# Index
- Why Python
- Computer Science Fundamentals
- Learn Python
- Develop Small Projects
- Learn Git and GitHub
- Ask Questions
- Conclusions
Let's dive right in!
# Why Python
According to Sun Tzu:
If you don't know Python, learn it yesterday!
There are hundreds of programming languages, mature as C and C++, or recent as Ruby, C# or Lua, or even corporate giants like Java.
Choosing a programming language to learn is difficult.
There is no language that can solve all the possible problems out there (it's not a one-shirt-fits-all solution), but Python is a good choice in many cases and is also well positioned for those who learn to program.
Python was born (opens new window) thinking "I want a programming language that is as close as possible to plain English". So, most of the time, when you don't know the name of something, just try to think about the plain literal English name of that thing, and probably the Python name will be that one!
Python is used by hundreds of thousands of programmers around the world and their numbers are growing all the time.
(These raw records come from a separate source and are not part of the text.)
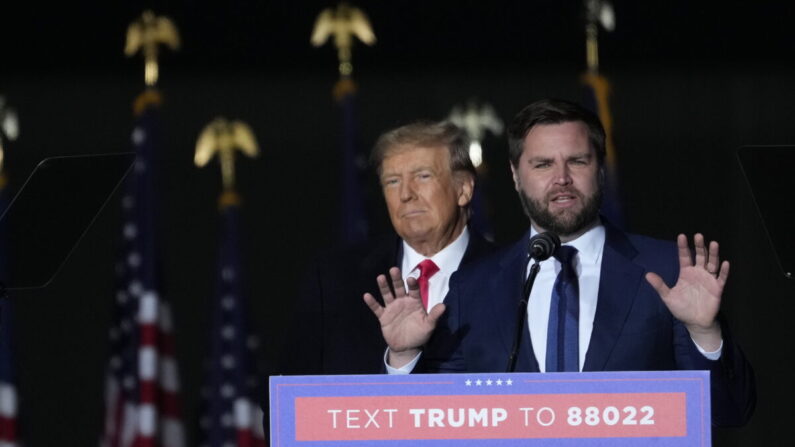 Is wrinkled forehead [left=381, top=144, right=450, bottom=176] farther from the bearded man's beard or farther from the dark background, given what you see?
the dark background

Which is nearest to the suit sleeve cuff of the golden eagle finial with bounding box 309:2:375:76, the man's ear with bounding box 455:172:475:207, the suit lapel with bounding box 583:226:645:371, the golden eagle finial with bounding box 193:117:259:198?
the suit lapel with bounding box 583:226:645:371

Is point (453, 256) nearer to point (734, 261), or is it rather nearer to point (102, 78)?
point (734, 261)

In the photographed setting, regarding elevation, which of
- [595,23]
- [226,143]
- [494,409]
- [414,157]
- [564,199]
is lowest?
[494,409]

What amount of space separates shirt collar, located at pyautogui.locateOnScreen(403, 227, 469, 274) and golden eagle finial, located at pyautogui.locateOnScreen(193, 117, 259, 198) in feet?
8.29

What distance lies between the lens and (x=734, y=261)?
577 centimetres

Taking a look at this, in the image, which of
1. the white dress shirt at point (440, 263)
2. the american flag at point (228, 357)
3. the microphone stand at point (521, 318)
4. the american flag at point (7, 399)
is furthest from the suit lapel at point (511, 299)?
the american flag at point (7, 399)

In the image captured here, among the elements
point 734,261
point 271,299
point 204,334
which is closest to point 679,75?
point 734,261

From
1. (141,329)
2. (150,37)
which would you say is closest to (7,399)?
(141,329)

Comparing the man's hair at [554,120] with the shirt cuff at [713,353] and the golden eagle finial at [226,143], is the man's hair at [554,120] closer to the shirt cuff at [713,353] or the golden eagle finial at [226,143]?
the shirt cuff at [713,353]

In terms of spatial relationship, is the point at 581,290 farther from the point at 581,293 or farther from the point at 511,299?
the point at 511,299

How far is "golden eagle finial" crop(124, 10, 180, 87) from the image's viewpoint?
5871 millimetres

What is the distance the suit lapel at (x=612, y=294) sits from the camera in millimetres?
2838

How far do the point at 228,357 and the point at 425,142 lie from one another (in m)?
2.65

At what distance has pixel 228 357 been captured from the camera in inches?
237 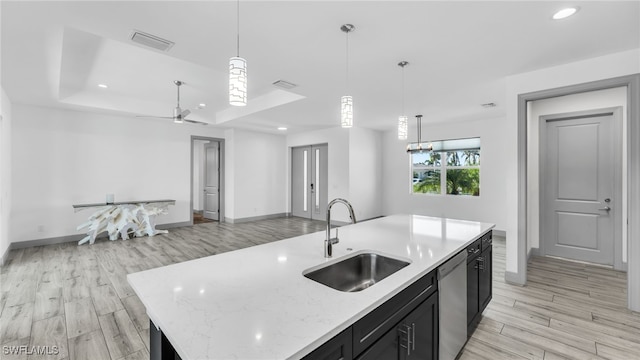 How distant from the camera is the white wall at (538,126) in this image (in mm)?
3738

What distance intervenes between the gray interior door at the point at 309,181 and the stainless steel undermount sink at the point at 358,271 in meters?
5.65

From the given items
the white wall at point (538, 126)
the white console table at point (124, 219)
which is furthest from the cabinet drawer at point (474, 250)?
the white console table at point (124, 219)

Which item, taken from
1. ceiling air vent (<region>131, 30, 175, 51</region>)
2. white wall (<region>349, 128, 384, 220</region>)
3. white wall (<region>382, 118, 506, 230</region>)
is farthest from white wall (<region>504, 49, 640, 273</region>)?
ceiling air vent (<region>131, 30, 175, 51</region>)

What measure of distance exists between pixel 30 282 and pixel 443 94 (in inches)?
238

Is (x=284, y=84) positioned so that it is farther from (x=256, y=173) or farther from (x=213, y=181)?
(x=213, y=181)

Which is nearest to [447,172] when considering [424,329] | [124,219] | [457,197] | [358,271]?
[457,197]

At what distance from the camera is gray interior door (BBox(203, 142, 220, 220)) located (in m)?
7.65

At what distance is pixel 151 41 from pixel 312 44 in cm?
148

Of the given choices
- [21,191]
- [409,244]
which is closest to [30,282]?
[21,191]

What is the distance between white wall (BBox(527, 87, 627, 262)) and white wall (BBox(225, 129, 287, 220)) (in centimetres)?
606

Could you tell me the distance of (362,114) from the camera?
5.61 m

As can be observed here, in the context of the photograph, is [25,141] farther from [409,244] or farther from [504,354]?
[504,354]

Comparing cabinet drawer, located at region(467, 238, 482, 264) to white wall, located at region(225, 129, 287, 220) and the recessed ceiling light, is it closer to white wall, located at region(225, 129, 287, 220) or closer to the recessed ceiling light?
the recessed ceiling light

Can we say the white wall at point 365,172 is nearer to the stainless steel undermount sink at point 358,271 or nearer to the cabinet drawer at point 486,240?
the cabinet drawer at point 486,240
There are many reasons for this success.
Python is intuitive, you think of a way to solve a problem and you can express it that way and it works most of the time.
Python works everywhere, whether Windows, Linux/UNIX, Mac or other, from supercomputers to mobile phones.
It allows you to develop small applications and fast prototypes but is structured for creating large programs.
It is equipped with an easy to use graphical user interface, libraries for web programming. Best of all, it's free.
There is a large and ever-growing community of Python developers starting from academia, research all the way to business and everyday hobbyists taking up Python.
You can create and prototype things very quickly due to the ease of the language and availability of free libraries, packages and frameworks.
Why do you need to learn Python for doing Data Science?
Python is necessary and sufficient for doing Data Science.
Python is simple to understand, is simple to read, is powerful and flexible, can help you in everyday tasks (even if you're not a programmer!) and automatize a lot of boring stuff.
Moreover, is the core Data Science tool, and most of the frameworks we'll need in the next guides are written in Python or have rich Python wrappers.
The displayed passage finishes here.